Radiation Therapy in the Treatment of Cutaneous Angiosarcoma of the Head and Neck
Daniel Spratt, Elizabeth Gordon-Spratt, Jonathan Romanyshyn, Suzanne Wolden, Snehal Patel, Jatin Shah, Ashok Shaha, David Pfister, Mary Keohan and Nancy Lee
World Journal of Surgical Medical and Radiation Oncology 2013, 2:2
Cutaneous angiosarcoma is an aggressive vascular tumor constituting <0.1% of head and neck malignancies. Due to its rarity, little is known about the role of radiation therapy.
Retrospective review from 1991 - 2011 of 24 patients with histologically - proven cutaneous angiosarcoma of the head and neck treated with radiation therapy at a single institution with curative intent.
Materials and Methods
Fourteen patients were treated with definitive radiotherapy alone, and 10 patients underwent surgical resection followed by adjuvant post-operative radiotherapy. Overall survival (OS), local relapse-free survival (LRFS), distant metastasis-free survival (DMFS), and toxicity data were assessed. Kaplan-Meier method, cox-regression, and competing risk analyses were performed to assess outcomes.
With a median follow-up of 25.1 months, survival outcomes were not significantly different between patients treated with post-operative radiotherapy or radiotherapy alone.
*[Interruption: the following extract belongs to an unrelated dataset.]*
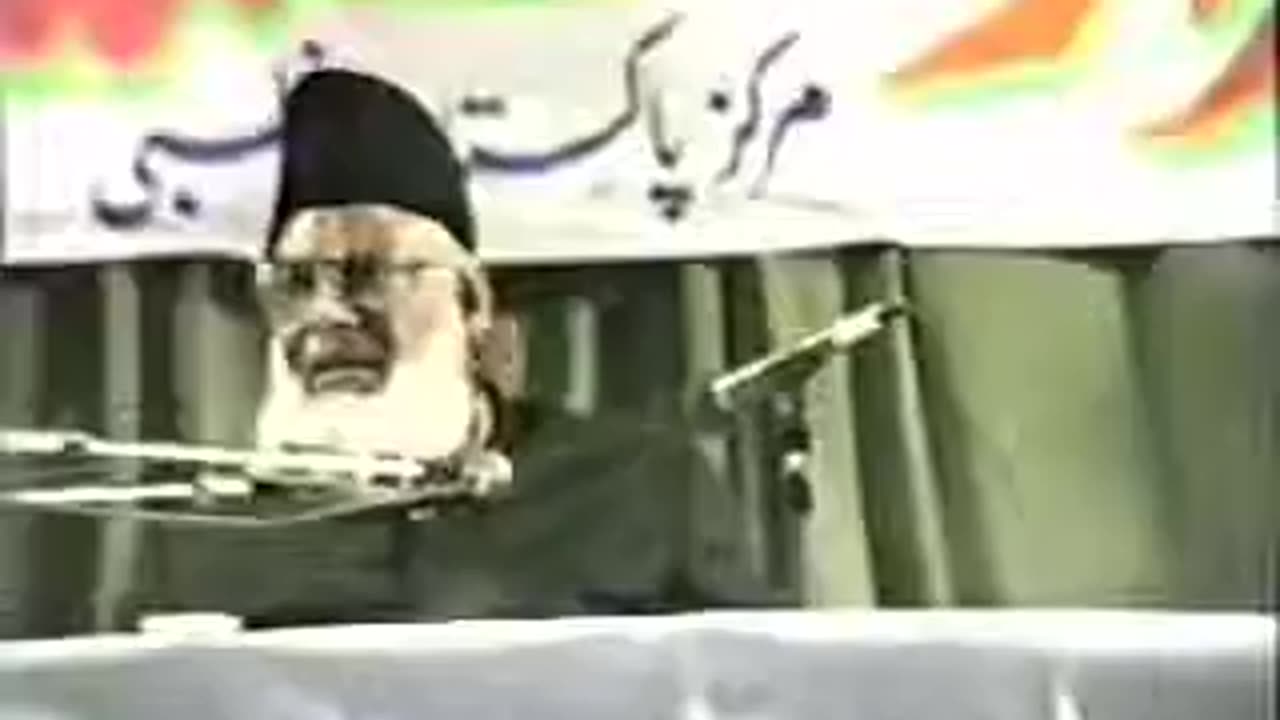 (8/12) Haqeeqat-e-Nifaq (Abu Dhabi) Dr. Israr Ahmed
For the entire cohort, the three-year OS was 36%, LRFS was 40%, and DMFS was 53%, and was not significantly different between groups (p=0.26, p=0.34, p=0.19, respectively). Patients experiencing acute grade 2, 3, and 4 toxicity occurred in 7, 7, and 2 patients, respectively.
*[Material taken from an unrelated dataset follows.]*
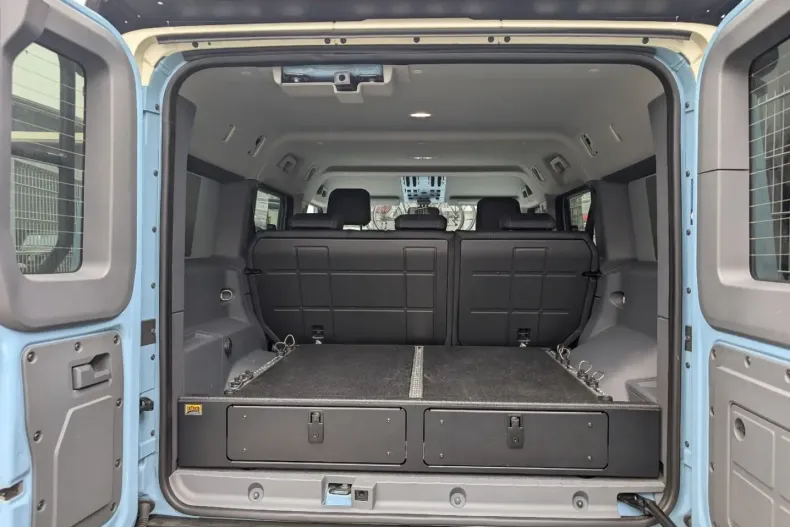 INEOS Grenadier din 2023 cu 16.200 km - oferta INE174289 - foto 19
Despite improvements in chemotherapy, biological agents, surgical and radiotherapy techniques, outcomes for cutaneous angiosarcoma remain poor and further research is warranted. Based on our results in patients treated with definitive radiotherapy, our data show that definitive radiotherapy is safe with acceptable efficacy and should be considered for unresectable tumors, or when resection would result in an unacceptable cosmetic defect or significant morbidity.